The Venuses of Parabita
"Cave of the Venuses", Parabita (LE) | Approx. 18,000 B.C
These are two statuettes made of bone that represent standing female figures. The larger one (9 cm high and 2.1 cm wide), obtained from the long bone of a large herbivore, probably a Bos primigenius or an Equus caballus, has realistic features and is characterized by the fact that the face seems to be wrapped in a veil, perhaps a hairdress or a mask. The position of the arms, resting under the belly, suggests that it represents a pregnant woman. Due to the presence of a hole at its distal end and to the integrity of the piece, the object is believed to have had a decorative function.
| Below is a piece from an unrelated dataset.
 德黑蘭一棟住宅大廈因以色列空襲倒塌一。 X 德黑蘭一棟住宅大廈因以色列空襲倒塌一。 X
These stylistic and iconographic traits are commonly found in other female statuettes of the Mediterranean group (for the elongated shape of the head and for the workmanship of the lower part of the body), of the Rhine-Danube group (for the treatment of the face) and of the Russian group (for the position of the arms).
The workmanship of the smaller statue (6.1 cm high and 1.5 cm wide) is less refined and is believed to be a utensil with a “carved decoration”. Also in this case the position of the arms suggests that the object represents a pregnant woman. From the stylistic point of view, it is similar to specimens both from Eastern Europe (position of the arms), and from Western Europe (shape of the face).